A massive botnet created by a China-linked threat group that was four years in the making and comprised hundreds of thousands of Internet of Things (IoT) and other connected devices in the United States and other countries was disrupted last week by federal law enforcement agencies and cybersecurity firms.

The botnet created by the group Flax Typhoon, dubbed “Raptor Train” by Lumen’s Black Lotus Labs threat intelligence group, targeted critical infrastructure operations as well as corporations, media organizations, universities, and government agencies, FBI Director Christopher Wray said during a talk at a cybersecurity conference in Washington DC Wednesday, according to Reuters.

Wray reportedly added that once the operation to disrupt the botnet got underway, the botnet operators tried to move their bots to new server and even targeted the agencies with a DDoS attack.

Flax Typhoon took control of internet-connected devices like small office/home office (SOHO) routers, firewalls, network-attached storage (NAS), and IoT devices to create a botnet that could be used for a number of nefarious activities, including distributed denial-of-services (DDoS) attacks, compromising networks, and deploying malware, according to joint advisory issued by the FBI, National Security Agency (NSA), and other U.S. and international law enforcement agencies.

The primary payload was a customized variant of the notorious Mirai malware, which has been around since 2016 and used to create botnets from connected devices. The Mirai source code was open sourced a year later by the alleged author of the malware after it was used to launch a huge DDoS attack.

A Large IoT Botnet

Black Lotus researchers wrote that Raptor Train has become “one of the largest Chinese state-sponsored IoT botnets discovered to-date. … Based on the recent scale of device exploitation, we suspect hundreds of thousands of devices have been entangled by this network since its formation in May 2020.”

Flax Typhoon is the latest threat group linked to China that has targeted networks and systems in the United States.
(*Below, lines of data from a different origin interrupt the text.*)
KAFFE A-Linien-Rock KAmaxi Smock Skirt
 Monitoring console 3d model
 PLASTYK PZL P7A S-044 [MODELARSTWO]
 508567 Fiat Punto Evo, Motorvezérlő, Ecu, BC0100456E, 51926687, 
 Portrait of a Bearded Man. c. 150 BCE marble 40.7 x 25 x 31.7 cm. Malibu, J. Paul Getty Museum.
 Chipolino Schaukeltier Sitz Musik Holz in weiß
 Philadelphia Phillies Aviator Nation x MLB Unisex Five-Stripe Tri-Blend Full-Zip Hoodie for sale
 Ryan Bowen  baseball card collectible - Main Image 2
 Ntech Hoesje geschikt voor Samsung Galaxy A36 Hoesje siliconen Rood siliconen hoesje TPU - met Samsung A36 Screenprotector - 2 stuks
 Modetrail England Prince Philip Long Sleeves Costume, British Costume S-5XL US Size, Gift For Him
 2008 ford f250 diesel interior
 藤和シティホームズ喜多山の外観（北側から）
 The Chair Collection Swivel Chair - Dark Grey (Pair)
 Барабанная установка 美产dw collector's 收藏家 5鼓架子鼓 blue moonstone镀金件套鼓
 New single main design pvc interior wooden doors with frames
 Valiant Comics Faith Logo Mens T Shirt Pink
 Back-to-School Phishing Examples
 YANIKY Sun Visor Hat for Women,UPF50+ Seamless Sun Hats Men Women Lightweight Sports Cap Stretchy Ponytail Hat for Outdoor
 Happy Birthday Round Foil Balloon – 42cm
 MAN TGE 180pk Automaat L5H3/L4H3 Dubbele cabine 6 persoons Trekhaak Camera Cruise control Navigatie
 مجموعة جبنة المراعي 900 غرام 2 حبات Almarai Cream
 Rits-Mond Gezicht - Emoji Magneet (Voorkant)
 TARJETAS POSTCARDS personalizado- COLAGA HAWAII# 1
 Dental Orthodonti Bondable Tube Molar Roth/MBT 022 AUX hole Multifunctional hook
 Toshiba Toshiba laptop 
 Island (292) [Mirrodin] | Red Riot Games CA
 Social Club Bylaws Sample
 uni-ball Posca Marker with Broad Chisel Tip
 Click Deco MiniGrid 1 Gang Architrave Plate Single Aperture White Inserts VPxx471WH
In February, the FBI, CISA, and others warned that the Volt Typhoon gang had successfully compromised the IT environments of critical infrastructure firms in such sectors as communications, energy, transportation, and water and wastewater systems.

Volt Typhoon had been in some of these networks for as long as five years, essentially prepositioning itself to disrupt operations if conflicted between the United States and China broke out.

Likewise, the Black Lotus analysts wrote that while they had “yet to see any DDoS attacks originating from Raptor Train, we suspect this is an ability the China-based operators preserve for future use.”

Still, there has been some activity from the network targeting organizations in the military, government, higher education, telecommunications, IT, and defense industrial base areas in the United States and Taiwan. In addition, possible exploitation attempts of Atlassian Confluence servers and Ivanti Connect Secure applications from nodes linked to the botnet have been seen.

Microsoft analysts also said last month that they had seen Flax Typhoon targeting dozens of Taiwanese organizations in attacks likely meant for cyberespionage operations, maintaining “long-term access to Taiwanese organizations’ networks with minimal use of malware, relying on tools built into the operating system, along with some normally benign software to quietly remain in these networks.”

FBI Points Finger at Chinese Company

The FBI in the advisory said that since 2021, the Integrity Technology Group, a Chinese company that law enforcement said has links to the country’s government, has been actively managing the botnet via China Unicom Beijing Province Network IP addresses.

The same IP addresses were used to access other operational infrastructure in campaigns aimed at U.S. companies. The activities in these attacks were consistent with tactics used by Flax Typhoon, according to the FBI.

At its largest last year, the botnet consisted of more than 60,000 active devices, though since then at least 200,000 devices – SOHO outers, network video recorder (NVR) and digital video recorder (DVR) devices, NAS servers, and IP cameras – have run though the botnet, according to Black Lotus.

Managing the Large Botnet

The threat group managed the multiple-tier botnet through dozens of command-and-control (C2) servers, a centralized Node.js back, and a front end that featured a cross-platform Electron application that the bad actors called “Sparrow,” according to the researchers.

“This is a robust, enterprise-grade control system used to manage upwards of 60 C2 servers and their infected nodes at any given time,” they wrote.

The law enforcement agencies said the management servers used a MySQL database to store information that included more than 1.2 million records of compromised devices, including more than 385,000 victim devices in the United States that had either been previously and actively exploited to include in the botnet.

According to numbers from the FBI, 47.9% of the devices that have made up the botnet were in the United States. Vietnam was the next country on the list, with 8% of the devices. Almost all of the devices – 89.2% – were powered by x86 processors, with the rest spread across MIPS, Arm, x86_64, and MIPSEL chip architectures.